One way to get around this is to implement the exact opposite of what I
proposed earlier and have a block group with no inode tables. If we do
a 1:1 distribution of inode per block and don't allocate inodes tables
for a series of block groups within a flexbg we could later on attempt
to allocate new inode tables when we run out of inodes. If we leave
holes in the inode numbers for the missing inode tables, adding new
inode tables in these block groups would not require any inode
renumbering. This also does not break the current inode allocator
which would be a good thing. This should be even simpler to implement
than the previous proposal. The drawbacks are that when allocating a
new inode table, the 1:1 distribution of inode per block would mean
that we need to find a bigger chunk on contiguous blocks to since we
have bigger inode tables per block group. Since the current inode
allocator tries to keep a 10% of blocks in a flexbg free, finding
contiguous blocks may not be a really big issue. Another issue is 64bit
filesystem if we use a 1:1 scheme.
This would be like uninitialized inode tables with the added steps of
finding free blocks, allocating a new inode and zeroing the newly
created inode table. Since we could chose to allocate a new inode
table on a flexbg with the most free blocks, this could keep filesystem
meta-data/data layout consistently close together to maintain
predictable performance. This option also has no overhead compared to
the previous proposal.
>
> The drawbacks of the approach is relatively coarse-grained itable
> allocation, which would fail if the filesystem is highly fragmented,
> but we don't _have_ to succeed either. The coarse-grained approach is
> also a benefit because we don't need complex data structures to find the
> itable, it reduces seeking during e2fsck, and we can keep some hysteresis
> in adding/removing dynamic groups to reduce overhead (updates of many
> GDT backups).
>
> Cheers, Andreas
> --
> Andreas Dilger
> Sr. Staff Engineer, Lustre Group
> Sun Microsystems of Canada, Inc.
>
> --
-JRS
On Thu, Sep 25, 2008 at 04:37:31PM -0600, Andreas Dilger wrote:
> If one adds a new group (ostensibly "at the end of the filesystem") that
> has a flag which indicates there are no blocks available in the group,
> then what we get is the inode bitmap and inode table, with a 1-block
> "excess baggage" of the block bitmap and a new group descriptor. The
> "baggage" is small considering any overhead needed to locate and describe
> fully dynamic inode tables.
It's a good idea; and technically you don't have to allocate a block
bitmap, given that the flag is present which says "no blocks
available". The reason for allocating it is if you're trying to
maintain full backwards compatibility, it will work --- except that
you need some way of making sure that the on-line resizing code won't
screw with the filesystem --- so the feature would have to be a
read/only compat feature anyway.
To do on-line resizing, you'd have to clear the flag and then know to
that the first "inode-only" block group should be given the new
blocks.
> The itable location would be replicated to all of the group descriptor
> backups for safety, though we would need to find a way for "META_BG"

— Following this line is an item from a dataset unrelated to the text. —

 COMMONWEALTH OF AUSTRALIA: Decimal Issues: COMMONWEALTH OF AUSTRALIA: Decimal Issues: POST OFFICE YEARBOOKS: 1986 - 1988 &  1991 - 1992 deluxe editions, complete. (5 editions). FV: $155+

> to store a backup of the GDT in blocks that don't exist, in the case
> where increasing the GDT size in-place isn't possible.
This is actually the big problem; with META_BG, in order to find the
group descriptor blocks, it assumes that the first group descriptor
can be found at the beginning of the group descriptor block, which
means it has to be found at a certain offset from the beginning of the
filesystem. And this would not be true for inode-only block groups.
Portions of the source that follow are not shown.